*** Block opens ***
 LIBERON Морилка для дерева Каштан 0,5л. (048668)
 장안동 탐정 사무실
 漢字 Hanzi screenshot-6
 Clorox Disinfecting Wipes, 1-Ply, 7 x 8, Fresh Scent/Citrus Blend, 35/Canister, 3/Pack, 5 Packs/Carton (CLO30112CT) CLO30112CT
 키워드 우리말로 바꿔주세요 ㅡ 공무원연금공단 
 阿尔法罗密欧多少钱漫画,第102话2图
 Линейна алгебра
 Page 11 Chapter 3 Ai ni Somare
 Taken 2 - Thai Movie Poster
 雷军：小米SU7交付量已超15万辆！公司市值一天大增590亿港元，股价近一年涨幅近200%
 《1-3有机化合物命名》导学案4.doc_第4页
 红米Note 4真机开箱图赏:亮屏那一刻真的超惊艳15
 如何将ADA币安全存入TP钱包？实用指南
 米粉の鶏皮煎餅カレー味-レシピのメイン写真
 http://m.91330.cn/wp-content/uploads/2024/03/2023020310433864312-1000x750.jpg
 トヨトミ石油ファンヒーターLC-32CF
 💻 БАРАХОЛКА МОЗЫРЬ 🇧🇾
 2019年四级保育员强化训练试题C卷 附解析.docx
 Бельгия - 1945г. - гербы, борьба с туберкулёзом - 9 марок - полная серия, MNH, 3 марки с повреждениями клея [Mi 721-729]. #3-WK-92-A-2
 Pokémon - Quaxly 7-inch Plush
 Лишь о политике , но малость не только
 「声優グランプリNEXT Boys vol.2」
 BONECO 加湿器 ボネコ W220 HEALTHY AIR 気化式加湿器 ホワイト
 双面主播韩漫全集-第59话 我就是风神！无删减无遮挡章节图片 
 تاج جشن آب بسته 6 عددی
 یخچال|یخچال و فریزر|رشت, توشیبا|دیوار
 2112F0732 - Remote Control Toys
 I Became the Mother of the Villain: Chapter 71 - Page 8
*** Block closes ***
### Task instructions
Copy out each record exactly as given, omitting none.

### Exercise result
 LIBERON Морилка для дерева Каштан 0,5л. (048668)
 장안동 탐정 사무실
 漢字 Hanzi screenshot-6
 Clorox Disinfecting Wipes, 1-Ply, 7 x 8, Fresh Scent/Citrus Blend, 35/Canister, 3/Pack, 5 Packs/Carton (CLO30112CT) CLO30112CT
 키워드 우리말로 바꿔주세요 ㅡ 공무원연금공단 
 阿尔法罗密欧多少钱漫画,第102话2图
 Линейна алгебра
 Page 11 Chapter 3 Ai ni Somare
 Taken 2 - Thai Movie Poster
 雷军：小米SU7交付量已超15万辆！公司市值一天大增590亿港元，股价近一年涨幅近200%
 《1-3有机化合物命名》导学案4.doc_第4页
 红米Note 4真机开箱图赏:亮屏那一刻真的超惊艳15
 如何将ADA币安全存入TP钱包？实用指南
 米粉の鶏皮煎餅カレー味-レシピのメイン写真
 http://m.91330.cn/wp-content/uploads/2024/03/2023020310433864312-1000x750.jpg
 トヨトミ石油ファンヒーターLC-32CF
 💻 БАРАХОЛКА МОЗЫРЬ 🇧🇾
 2019年四级保育员强化训练试题C卷 附解析.docx
 Бельгия - 1945г. - гербы, борьба с туберкулёзом - 9 марок - полная серия, MNH, 3 марки с повреждениями клея [Mi 721-729]. #3-WK-92-A-2
 Pokémon - Quaxly 7-inch Plush
 Лишь о политике , но малость не только
 「声優グランプリNEXT Boys vol.2」
 BONECO 加湿器 ボネコ W220 HEALTHY AIR 気化式加湿器 ホワイト
 双面主播韩漫全集-第59话 我就是风神！无删减无遮挡章节图片 
 تاج جشن آب بسته 6 عددی
 یخچال|یخچال و فریزر|رشت, توشیبا|دیوار
 2112F0732 - Remote Control Toys
 I Became the Mother of the Villain: Chapter 71 - Page 8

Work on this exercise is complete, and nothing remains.